Artists: Hiba Alansari, Thuraya Al-Baqsami, Monira Al Qadiri, Rosa Barba, Alexandra Bircken, Monica Bonvicini, Leda Bourgogne, Kerstin Brätsch, Tania Bruguera, Ceal Floyer, Galli, Asta Gröting, Roey Victoria Heifetz, Almut Heise, Leila Hekmat, Leiko Ikemura, Anne Imhof, Annette Kelm, Conny Maier, Heidi Manthey, Beatriz Morales, Sara Nabil, Helga Paris, Adrian Piper, Lin May Saeed, Karin Sander, Julia Scher, Marianna Simnett , Sturtevant, Rosemarie Trockel, Patricia Waller
“In chess there are no secrets, only undiscovered truths.” —Savielly Tartakower (1887–1956)
This is an exhibition of our time: Superman is thwarted and hits a wall, an oversized hybrid female hare offers motherly protection, a pair of seahorses switch traditional gender roles, and passion creates sparks. With a selection of contemporary works by thirty-one female artists of different generations and cultural influences, the exhibition at the Museum Frieder Burda presents exclusively female positions and their wide spectrum of themes.
Peggy Guggenheim (1898–1979) was an art collector, gallerist, and patron of the arts. The legendary American is considered a pioneer and supporter of international avant-garde artists ranging from Max Ernst and Marcel Duchamp to Jackson Pollock. She, too, experienced her role as a woman in an expanding and male dominated art scene as ambivalent.

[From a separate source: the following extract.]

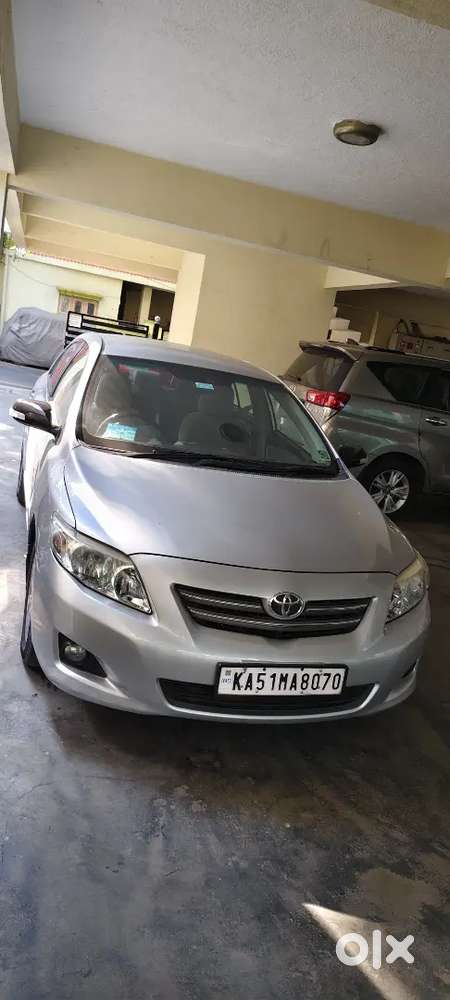 Toyota Corolla Altis 1.8 G, Petrol 2010 Silver Car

Exactly eighty years ago, Guggenheim presented in her visionary gallery Art of this Century in New York, the exhibition titled Exhibition by 31 Women, an early example of a show featuring women artists. Marcel Duchamp (1887–1968), one of the key figures in twentieth-century art and a longtime friend of Guggenheim’s, advised her on the show. Duchamp, who was also a passionate chess player, provided the title and concept for the exhibition. As is well known, the queen is the most powerful figure in chess, while the king has a limited radius of action and depends on the other figures for protection. Contemporary critics reacted with reluctant admiration and condescending disregard. The verdicts culminated in a review by James Stern, the art critic of the influential magazine TIME, who rejected the exhibition since he had never seen a “first-class woman artist.” How wrong could a critic be!

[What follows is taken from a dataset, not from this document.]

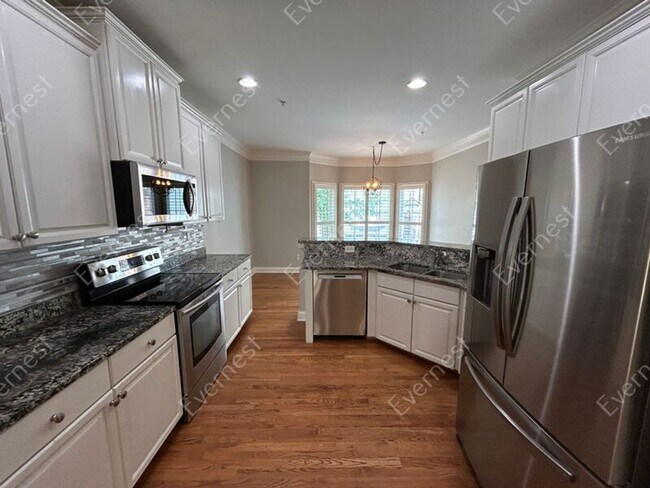 Foto del edificio - 12060 Stone Brook Cove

The conceptual foundation of this historic exhibition is now taken up by The King is Dead, Long Live the Queen, which will likewise present the work of thirty-one contemporary women artists who reflect on recent aesthetic, political and social transformations. These artists prove to be witnesses of their time which is always our time as well. The exhibition aims to allow the presented works to have their own voices, which are free and independent of the ideological debates that are so prevalent in the cultural environment.

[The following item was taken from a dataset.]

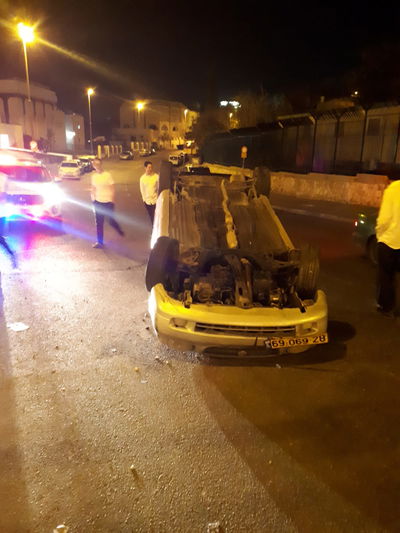 בחורים אמריקאים שיכורים הפכו רכב חונה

Udo Kittelmann, the curator of the exhibition and artistic director of the museum, has invited artists who were decisive both for him, personally, in his extensive career and in their own context. The presentation unites works from various disciplines, including painting, sculpture, photography, film, sound, and installation. The works contribute to the overall narrative staging of the exhibition while also remaining focused as distinctive individual voices. Kittelmann explains, “The exhibition gives the works a voice and believes in their power and meaning, allowing some of them to be loud and others to assert themselves subtly and quietly.”